Thank you for clarifying. Regards -- Anass Sedrati (talk) 09:43, 1 February 2021 (UTC)[reply]

Hi Anass Sedrati, Thanks for joining the conversation. Please feel free to add your feedback here. I am watching the Meta pages for feedback and will collect feedback for the weekly reports. Best, JKoerner (WMF) (talk) 12:57, 1 February 2021 (UTC)[reply]
Hello Jackie and thank you for your answer. So if I understand well, if I have a new idea/suggestion, I will add it in this talk page and it will be collected in the weekly reports. Did I understand well? If not please correct me.
That's my understanding from reading the page. –SJ talk 
Giving this understanding, is there any reason why the suggestions given by the board are given more priority and visibility than these that can emerge from community members? Especially that there was no mention or call to share ideas and suggestions until today (where community is almost "obliged" to choose between a pre-chosen set of choices)? Thank you again for the clarifications. Best. -- Anass Sedrati (talk) 17:32, 1 February 2021 (UTC)[reply]
Hi Anass! I share your questions - it would be helpful to have a refactoring cycle through which everyone can share new ideas, refactor or clarifying ones, and see the most popular or representative ones proposed so far. –SJ talk  21:57, 1 February 2021 (UTC)[reply]
Anass Sedrati, SJ, what about this: new ideas are proposed in this Talk page, only to ensure that they are within the scope of the call for feedback and sensible (a sanity check). Then the ideas that pass this check can be listed in the main page, in their own section in order to differentiate ideas discussed within the Board from those that have a different origin. There will be other details to figure out but the principle remains: "Other ideas coming from the call for feedback could be considered as well." Please bring these ideas to the table. Qgil-WMF (talk) 23:46, 1 February 2021 (UTC)[reply]
Hello Quim and thank you for your answer and clarifications. I think that your alternative is a good one, as I can also understand that not all ideas might need to be highlighted, depending on the context. I will do so that I will add a new idea in a separate section in the talk, and we see where it will lead us :) Thank you again for the clarifications. Best -- Anass Sedrati (talk) 08:03, 2 February 2021 (UTC)[reply]
@Anass Sedrati Our team has discussed the process for your idea about Regional Seats and others to come.
  • We will create a section "Ideas from the community" under "Ideas discussed within the Board"
  • We will edit the navigation template to show separate "Board ideas" and "Community ideas"
  • Community ideas will be posted here first, and will go through a basic sanity check.
  • Those accepted will be listed in these sections
  • Each new idea will have their own subpage with an attribution at the top identifying the author(s) of the idea, to differentiate these ideas visible from the ones brought by the Board.
  • Our facilitators and our reports will process feedback about community ideas and feedback about Board ideas equally.
Tomorrow in the GMT morning we will proceed with these changes and the publication of your idea about Regional Seats. Thank you for your contribution, and your patience betatesting this process. Qgil-WMF (talk) 22:34, 3 February 2021 (UTC)[reply]
@Quim, I have now created a new page for the idea of regional seats. Please go through it, and it you find it satisfactory, you can proceed and create the section related to community ideas, and link the idea there. Hopefully, other ideas can emerge soon. Thank you for the support. -- Anass Sedrati (talk) 11:33, 5 February 2021 (UTC)[reply]
@Anass Sedrati Thank you! I will proceed with the rest if changes in the next couple of hours or so. Qgil-WMF (talk) 11:56, 5 February 2021 (UTC)[reply]

Single transferable vote

Comment by BethNaught moved to Talk:Wikimedia Foundation Board of Trustees/Call for feedback: Community Board seats/Ranked voting system. Qgil-WMF (talk) 11:28, 4 February 2021 (UTC)[reply]

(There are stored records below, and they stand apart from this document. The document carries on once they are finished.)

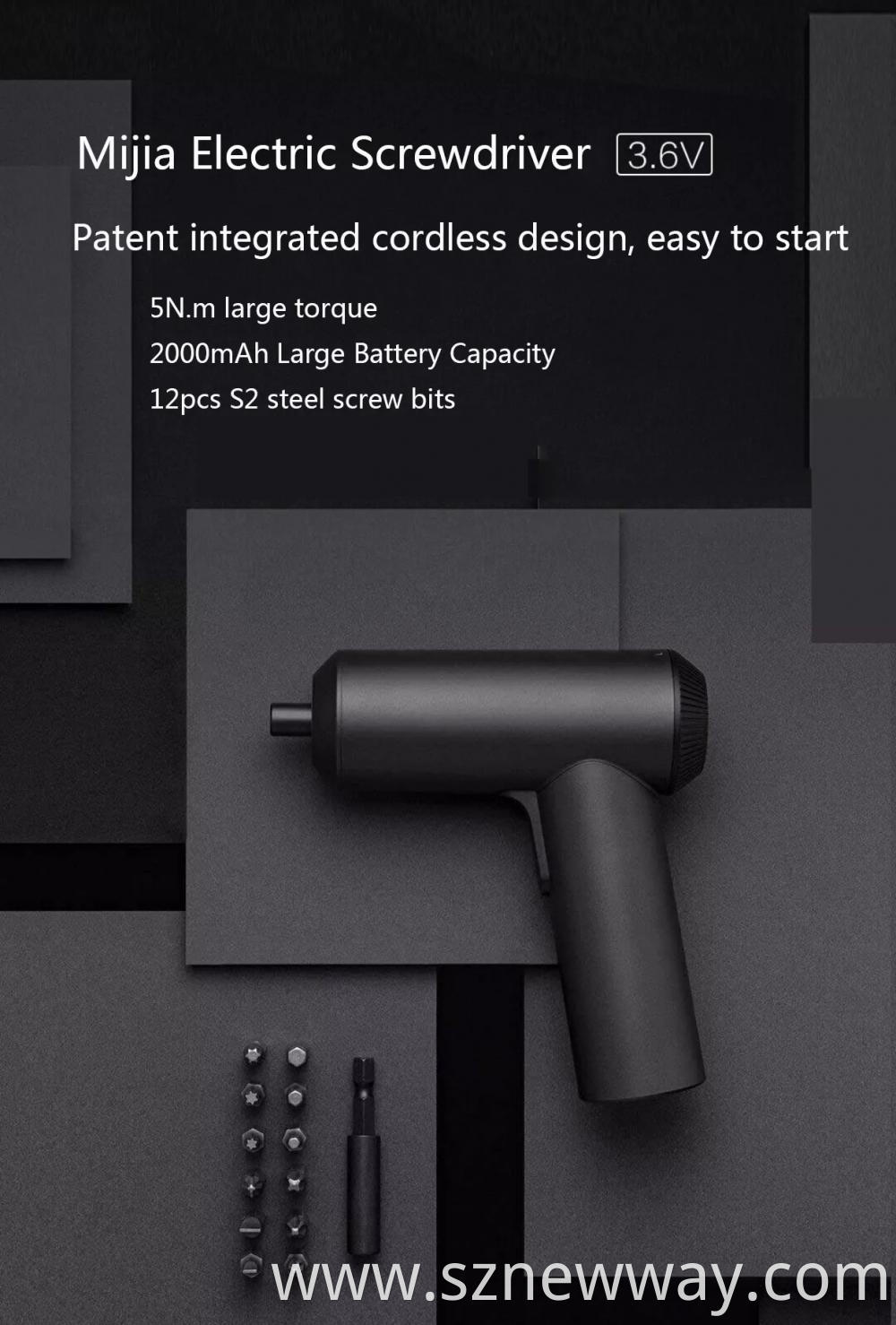 Xiaomi Mijia Electric Screwdriver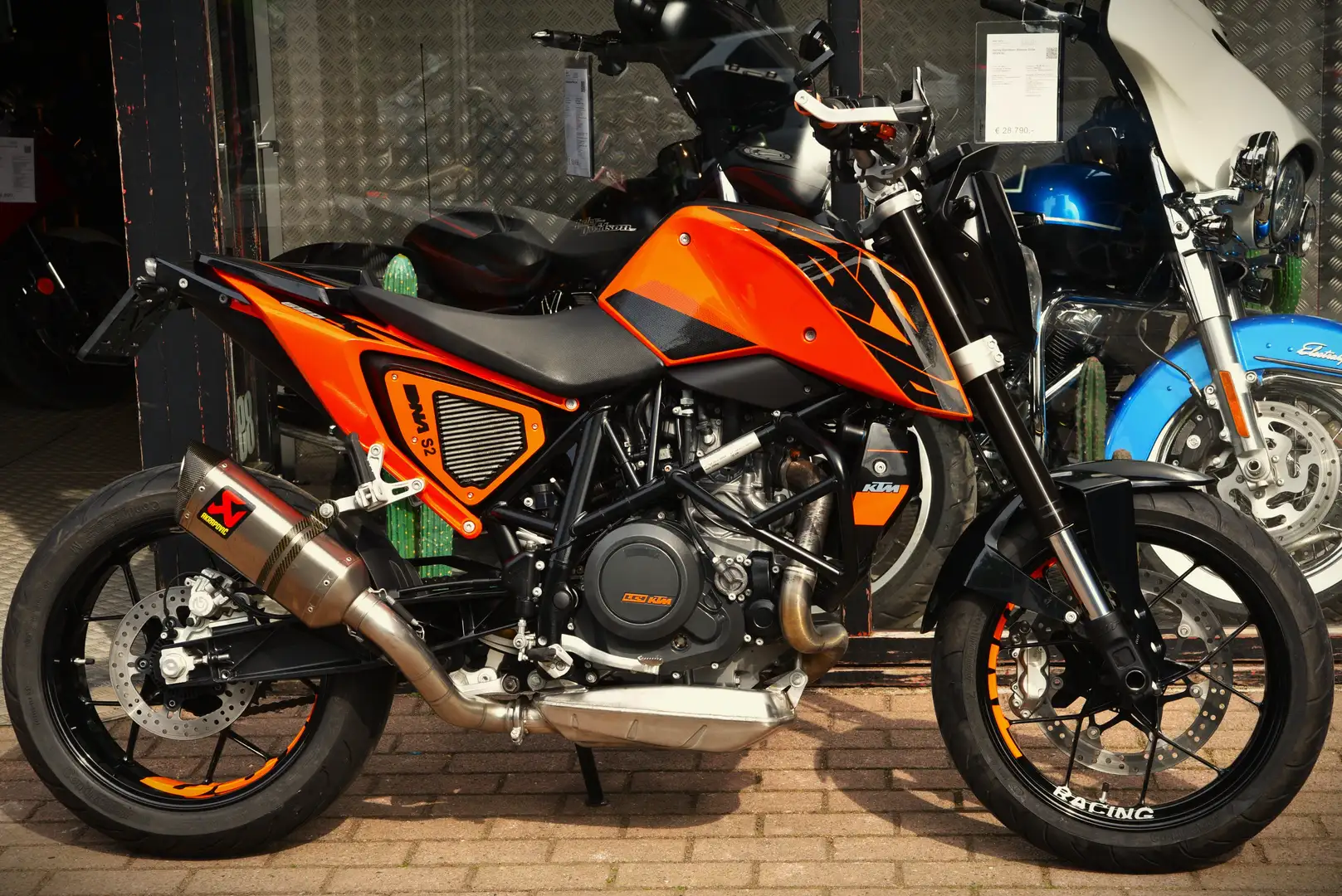 KTM 690 Duke ***MOTO VERTE*** Portocaliu - 2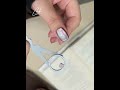Hollow Cat Eye Nails ✨ Magnetic Ring + French Tip + Square Tool Tutorial | Luvher Beauty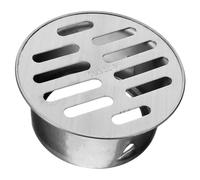 Toddmomy Filtre de Vidange Acier Inoxydable Anti-bouchage pour Évier et Sol Tamis Métallique pour Salle de Bain Cuisine et Buanderie Prévention des Obstructions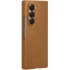 Шкіряний чохол Leather Case Premium на Samsung Galaxy Z Fold5 – Brown. Фото 5 з 12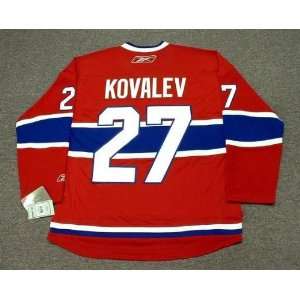 ALEX KOVALEV Montreal Canadiens REEBOK RBK Premier Home NHL Hockey 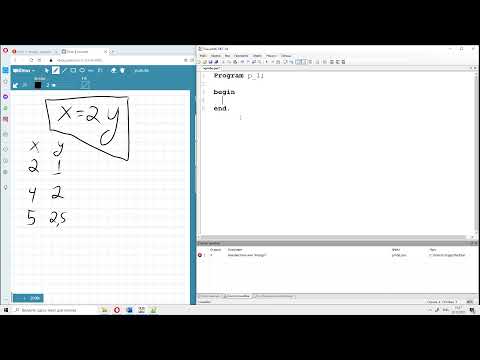 Видео: Паскаль для новичков 2 - переменные
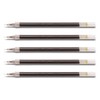 Pilot G TEC C4 Refill Set of 5 Black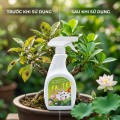 Xịt diệt rệp cây cảnh thảo mộc dịu nhẹ, an toàn, không độc hại Faser 500ml BA1909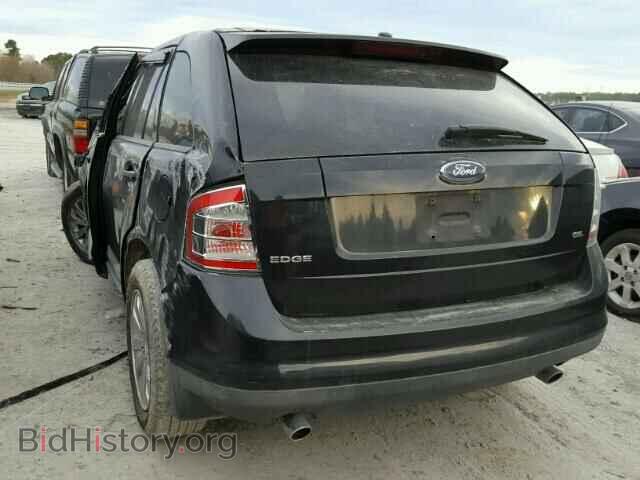 2007 FORD EDGE - VIN: 2FMDK38C77BA64357 - Фото 3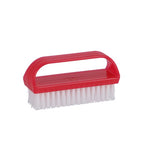 Nail brush plastic with handle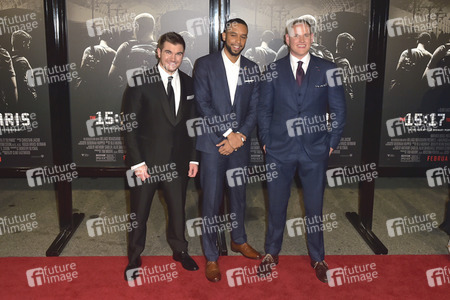 Filmpremiere 'The 15:17 to Paris' in Burbank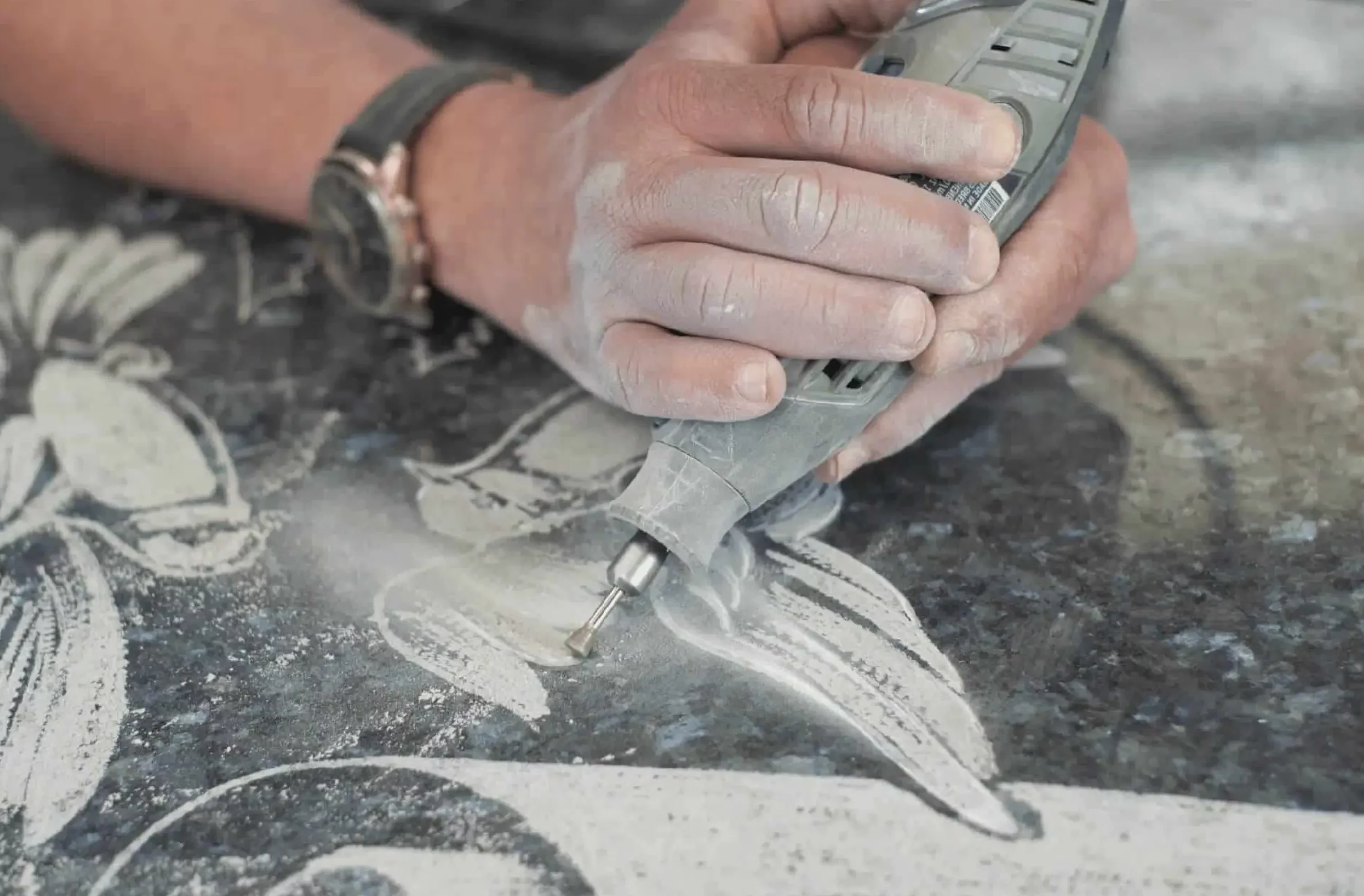 décoration funéraire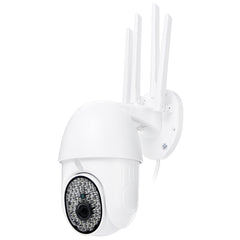 1080P Wireless IP Security Camera Outdoor CCTV, 4X Zoom, WiFi, PTZ, 2-Way Audio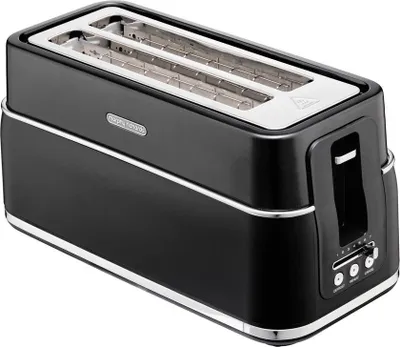 Zdjęcie produktu dla Morphy Richards Signature, 4 kaw., Czarny, Przyciski, Poziom, 1750 W, Chiny, 11 g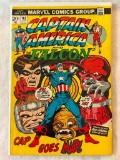 Captain America Lot of 3 comics. Approx. Value Range: $20 - 40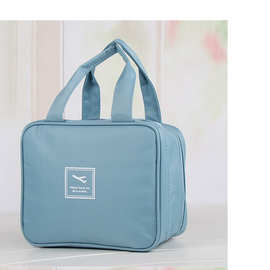 高容量手提包旅行存储袋和两个隔间收纳包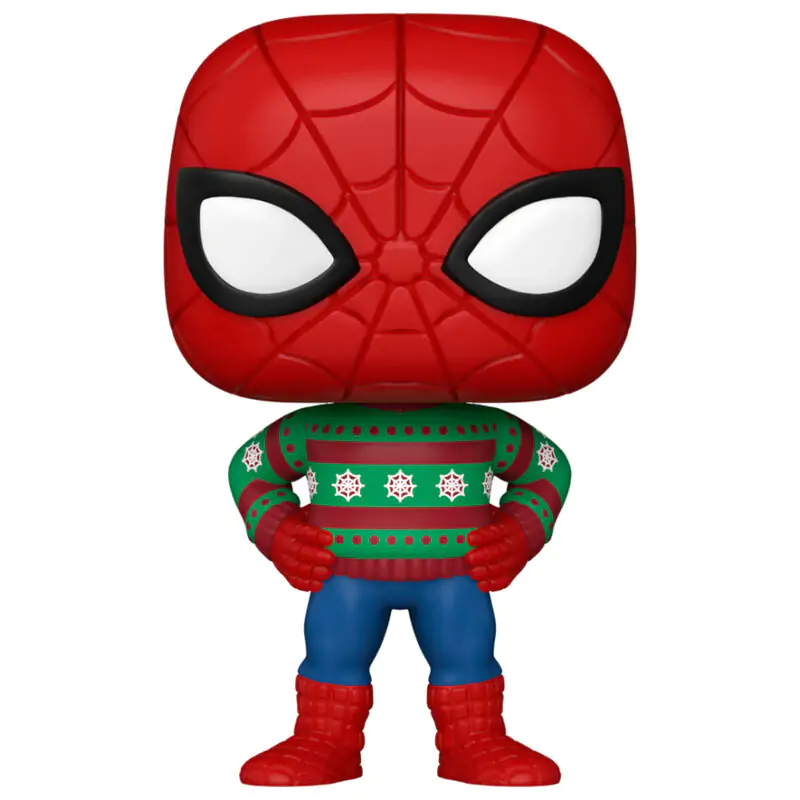 POP figúrka Marvel Holiday Spiderman termékfotó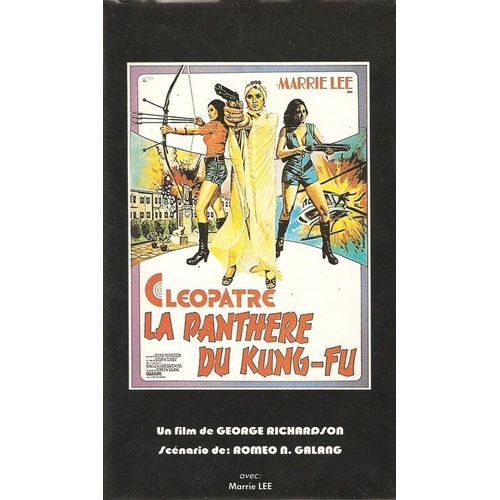 Cleopatre, La Panthère Du Kung Fu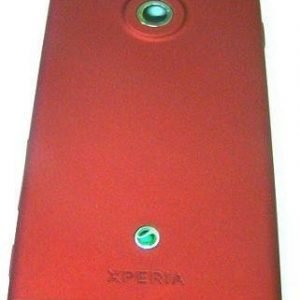 Akkukansi / Takakansi Sony MT27i Xperia SOLA red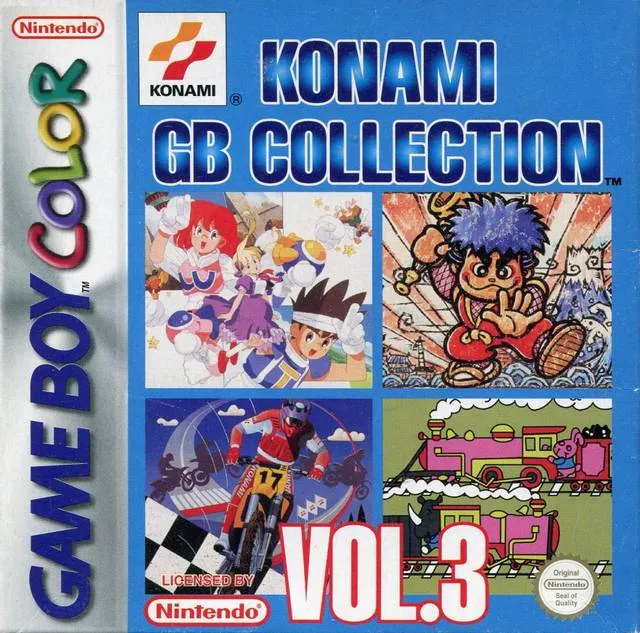 Konami GB Collection: Vol.3 box art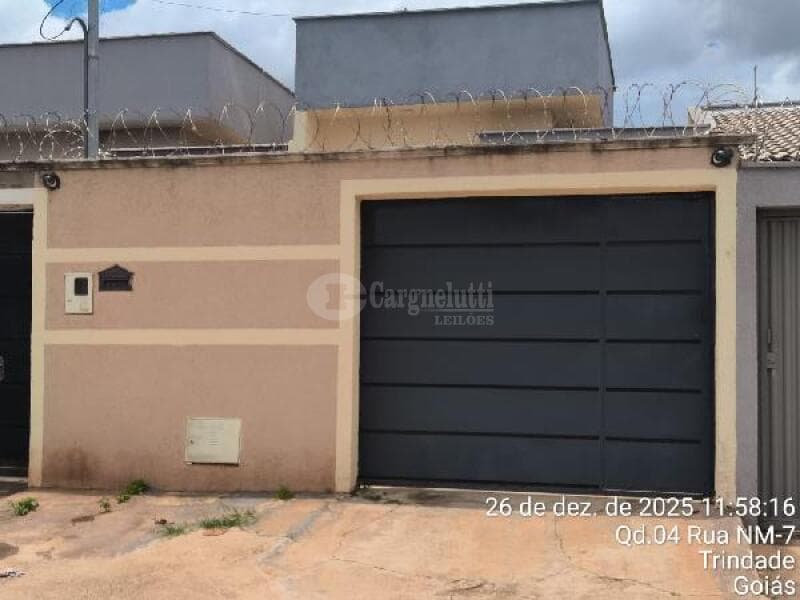 Casa em leilão em Trindade - GO — LOTE 087 TRINDADE/GO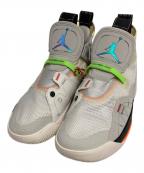 NIKEナイキ）の古着「ハイカットスニーカー」｜ホワイト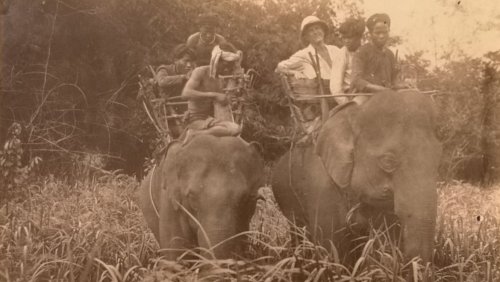Fotografia ze zbiorów rodziny Mroczkiewiczów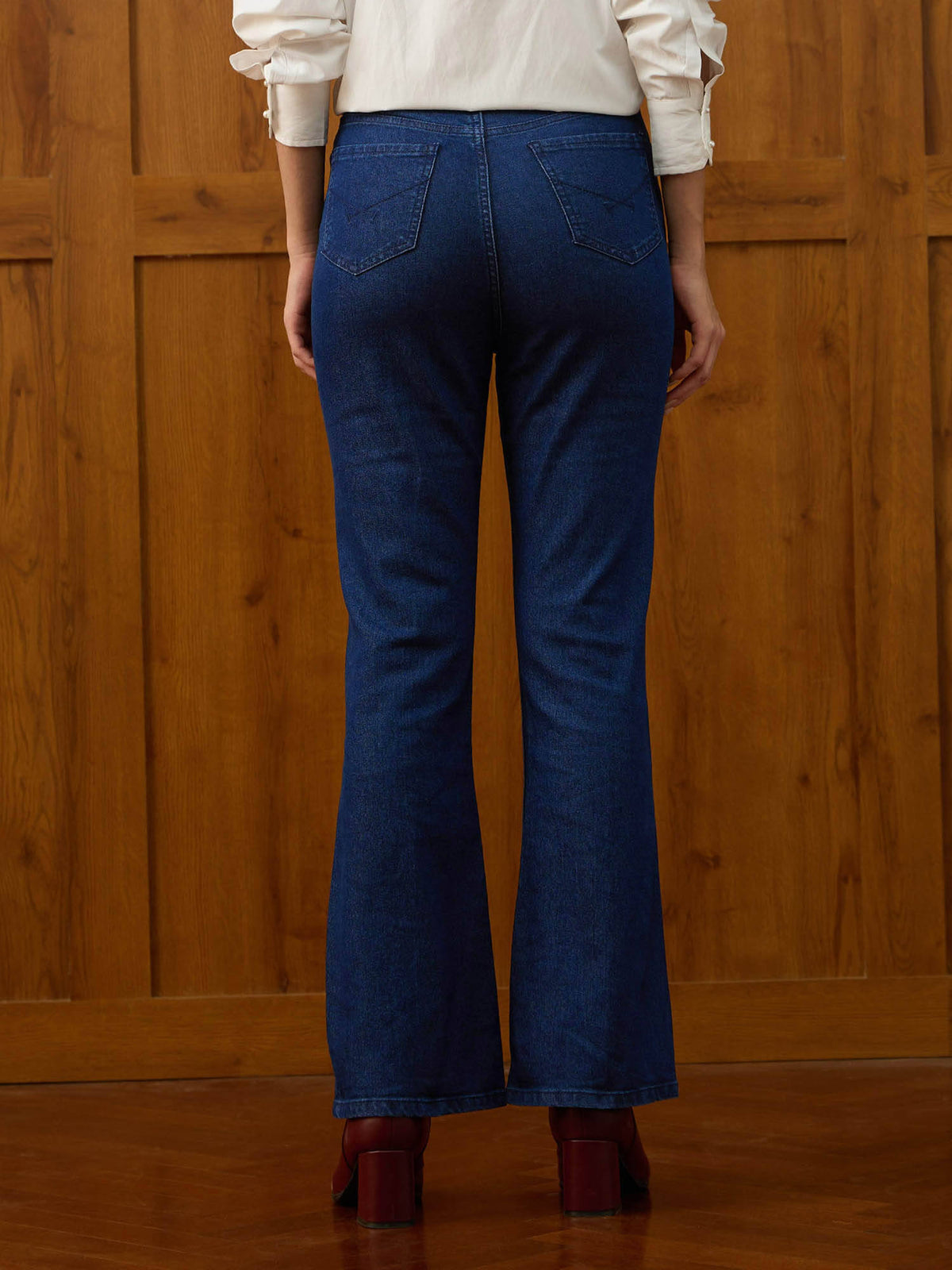 Ultra-Mid Rise Bootcut Jeans | BT10 - view 5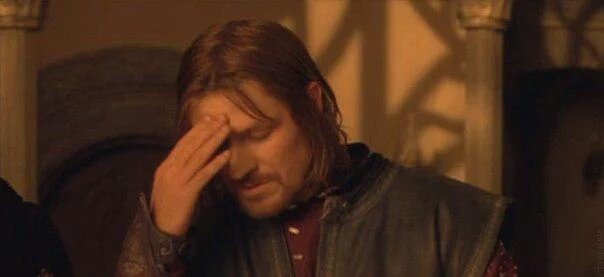 I've a headache, I'm going to bed.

Overviews, discussion, and refactoring

  • What's the idea for capturing discussions per topic? One talk page per idea, or one section per idea here, with subsections?
  • What about an overview of the summaries of each idea? I created an overview page transcluding all of the individual idea pages; if you have a better approach, feel free to refactor that or make something new.
  • It seems that facilitators will try to summarize / refactor discussion. Any other thoughts on how to make refactoring fast, iterative, useful? A catalog of links to places where discussions are happening would be welcome. When contributions are on-wiki, commenters can quickly get feedback on where their input sits in an overall conversation, so that they can clarify, refine, or find related places to contribute. [peer synthesis around feedback loops, rather than many parallel comments w/o immediate feedback, can be encouraging.]

SJ talk  22:19, 1 February 2021 (UTC)[reply]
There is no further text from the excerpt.